Specialists in pediatric surgery are needed to manage more complex cases, set practice standards, and educate other healthcare providers. However, pediatric surgical education should be wide ranging and cover common surgical diseases, infections, traumas, and malignancies in Sierra Leone. Most pediatric surgical problems, traumas, uncomplicated congenital anomalies, and surgical infections can be managed at primary or secondary care levels.
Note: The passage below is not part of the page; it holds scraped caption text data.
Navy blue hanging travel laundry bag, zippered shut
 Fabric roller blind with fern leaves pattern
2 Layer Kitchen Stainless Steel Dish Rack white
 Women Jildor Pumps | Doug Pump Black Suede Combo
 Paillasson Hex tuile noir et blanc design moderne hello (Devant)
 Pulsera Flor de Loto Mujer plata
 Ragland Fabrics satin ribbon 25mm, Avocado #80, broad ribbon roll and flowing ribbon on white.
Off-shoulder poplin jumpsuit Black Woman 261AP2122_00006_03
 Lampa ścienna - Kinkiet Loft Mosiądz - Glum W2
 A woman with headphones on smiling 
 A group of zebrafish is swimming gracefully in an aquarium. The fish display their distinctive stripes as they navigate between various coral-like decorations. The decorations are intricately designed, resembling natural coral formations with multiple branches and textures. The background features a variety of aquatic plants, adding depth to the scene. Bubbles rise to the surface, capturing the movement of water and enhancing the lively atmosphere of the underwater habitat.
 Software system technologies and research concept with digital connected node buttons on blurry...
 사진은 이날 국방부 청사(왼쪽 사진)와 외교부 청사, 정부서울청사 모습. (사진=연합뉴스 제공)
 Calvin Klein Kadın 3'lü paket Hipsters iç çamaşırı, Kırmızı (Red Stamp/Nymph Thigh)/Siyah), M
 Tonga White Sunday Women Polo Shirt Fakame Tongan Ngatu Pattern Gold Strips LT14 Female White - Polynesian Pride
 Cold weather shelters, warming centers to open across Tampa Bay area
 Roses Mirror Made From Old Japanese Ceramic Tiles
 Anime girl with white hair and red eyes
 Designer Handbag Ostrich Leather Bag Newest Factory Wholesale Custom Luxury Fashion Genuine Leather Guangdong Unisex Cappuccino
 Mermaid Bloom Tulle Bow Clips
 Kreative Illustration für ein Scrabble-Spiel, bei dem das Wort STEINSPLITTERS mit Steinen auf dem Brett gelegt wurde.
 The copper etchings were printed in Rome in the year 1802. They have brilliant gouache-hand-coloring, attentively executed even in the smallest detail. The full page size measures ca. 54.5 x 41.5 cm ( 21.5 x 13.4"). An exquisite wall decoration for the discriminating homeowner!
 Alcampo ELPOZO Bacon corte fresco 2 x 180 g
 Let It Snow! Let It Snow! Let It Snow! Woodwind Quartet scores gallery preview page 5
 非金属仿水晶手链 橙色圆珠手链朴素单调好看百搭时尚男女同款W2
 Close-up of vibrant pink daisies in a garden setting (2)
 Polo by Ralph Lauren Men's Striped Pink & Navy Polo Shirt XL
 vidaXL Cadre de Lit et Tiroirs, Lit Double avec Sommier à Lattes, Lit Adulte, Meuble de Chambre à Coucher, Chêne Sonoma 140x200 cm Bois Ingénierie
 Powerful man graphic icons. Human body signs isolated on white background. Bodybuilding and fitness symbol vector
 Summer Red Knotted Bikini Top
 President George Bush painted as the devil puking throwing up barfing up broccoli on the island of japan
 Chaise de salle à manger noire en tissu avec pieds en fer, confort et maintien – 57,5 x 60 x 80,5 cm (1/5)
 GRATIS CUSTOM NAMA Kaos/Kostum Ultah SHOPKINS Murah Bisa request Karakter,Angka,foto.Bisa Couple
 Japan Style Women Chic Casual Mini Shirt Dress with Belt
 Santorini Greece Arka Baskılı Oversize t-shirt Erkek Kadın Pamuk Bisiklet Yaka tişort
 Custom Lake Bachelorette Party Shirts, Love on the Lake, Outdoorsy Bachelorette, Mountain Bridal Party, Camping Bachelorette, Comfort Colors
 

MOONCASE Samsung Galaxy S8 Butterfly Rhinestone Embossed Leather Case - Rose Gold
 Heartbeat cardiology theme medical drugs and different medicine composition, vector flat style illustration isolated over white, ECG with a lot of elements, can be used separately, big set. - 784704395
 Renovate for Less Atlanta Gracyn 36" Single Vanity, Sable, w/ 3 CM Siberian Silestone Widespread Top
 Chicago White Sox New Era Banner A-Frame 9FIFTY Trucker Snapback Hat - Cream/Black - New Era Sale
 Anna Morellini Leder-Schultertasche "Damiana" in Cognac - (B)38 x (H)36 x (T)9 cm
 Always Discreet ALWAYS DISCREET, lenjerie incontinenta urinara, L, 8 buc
In a rural hospital in Nigeria, 95% of operations were considered simple enough to be performed by general duty doctors if they had experience in general surgery.12 Rather than only training pediatric surgeons as a short-term goal, the solution may be to re-establish general surgery to address the operative management of common pediatric surgical conditions.20 36
Limitations
Some limitations warrant discussion. First, this retrospective study does not provide a population estimate of the burden of surgical disease. It is likely that many children with life-threatening surgical conditions were not treated at Connaught Hospital and possibly died before reaching surgical care or sought care at a different type of facility, such as private hospitals. Our reported estimates for underdiagnosed children account for the number of children seeking care at private hospitals. Second, the data collected for this study had disease descriptions that could have been non-specific toward the exact condition since they were recorded in the surgical logbook. For example, swelling of the left groin represents an ambiguous diagnosis. Since the procedure was an excisional biopsy, it was included in the category of masses. Third, the hospital-based characteristic of this study is a limitation to generalizing our results at the regional or national level. However, it is worth noting that Connaught Hospital is the main governmental referral hospital at a national level and is a fundamental piece of the centralized pediatric surgical ecosystem in Sierra Leona. Fourth, the data used for this study are nearly 6 years old, limiting the contemporaneity of our conclusions.
Conclusion
Our study provides a baseline of the types of surgeries that children are undergoing at Connaught Hospital, as well as an estimate of the unmet burden of disease. Improving the management of congenital anomalies, increasing efforts to expand access to care for children with high mortality conditions, and reducing gender disparities are the identified priority areas.